Provided records Start Marker

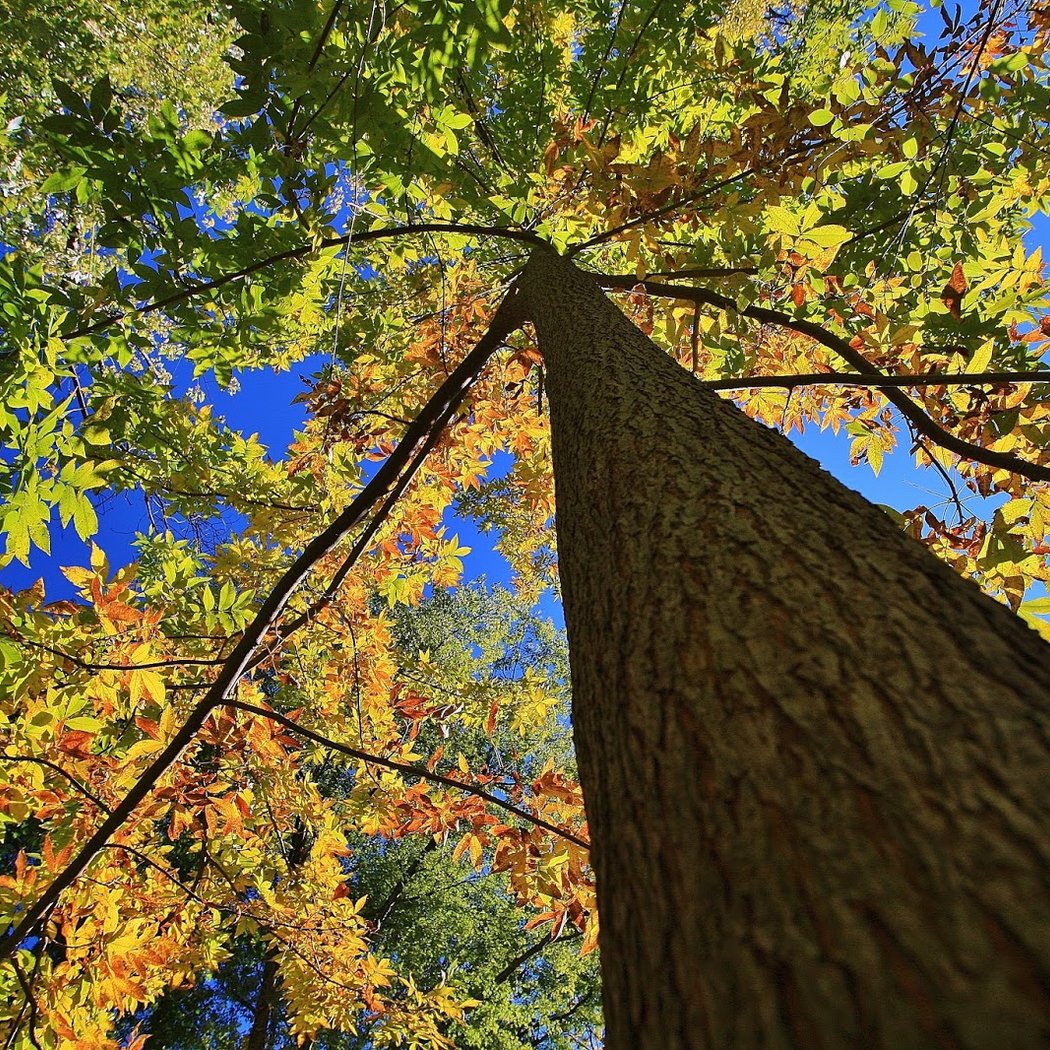 Teaneck Creek Conservancy 2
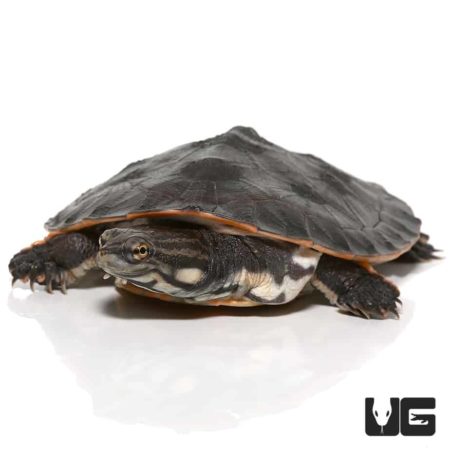 Geoffrey’s Sideneck Turtles (Phrynops geoffroanus tuberosus) For Sale ...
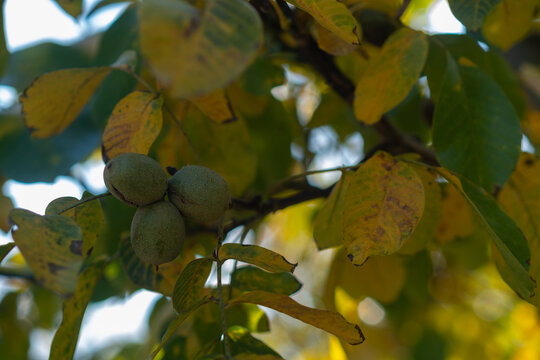 Close-up shot of three green walnuts growing in a cluster on a branch, framed by vibrant yellow and green autumn leaves under natural daylight. Illustrating organic nut cultivation, autumn harvest rea
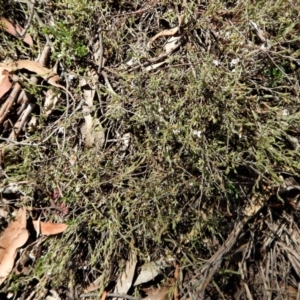 Leucopogon or Styphelia sp. at Point 49 - 4 Nov 2017 01:18 PM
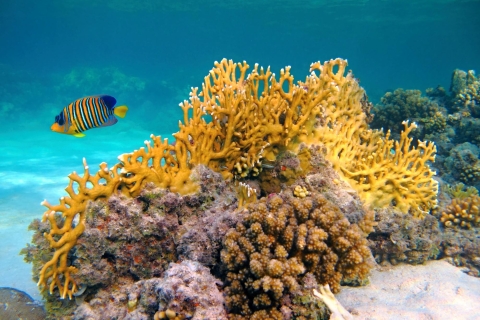 From Aqaba: Red Sea Cruise & Snorkeling Experience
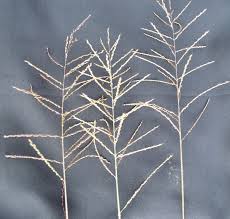 Image result for Arundinella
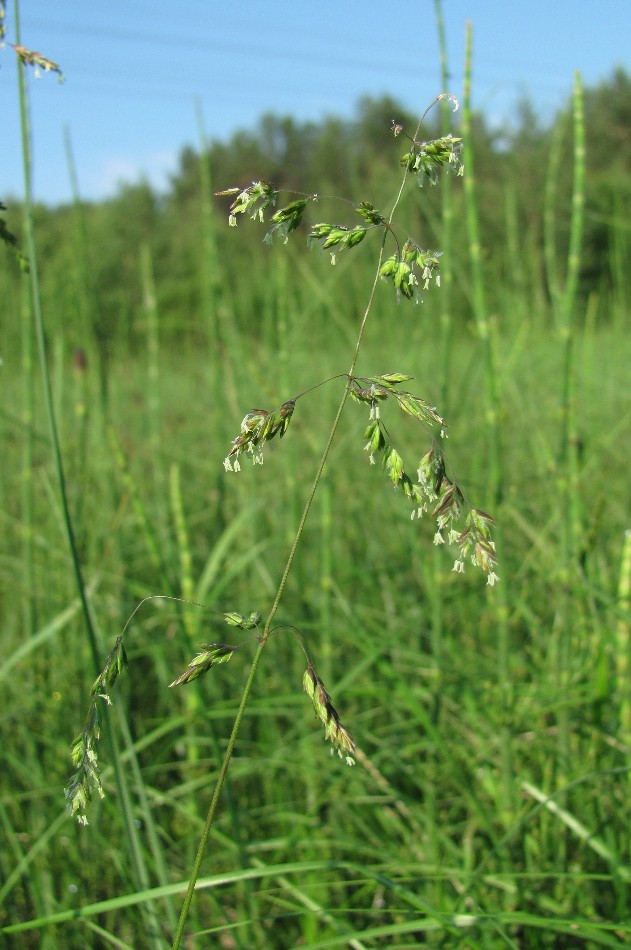 Изображение особи Poa trivialis.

Provided records End Marker

What you write must match, line for line, the records from the line containing "Image result for Arundinella" through the last line, with every picture left out.

 Image result for Arundinella
 Изображение особи Poa trivialis.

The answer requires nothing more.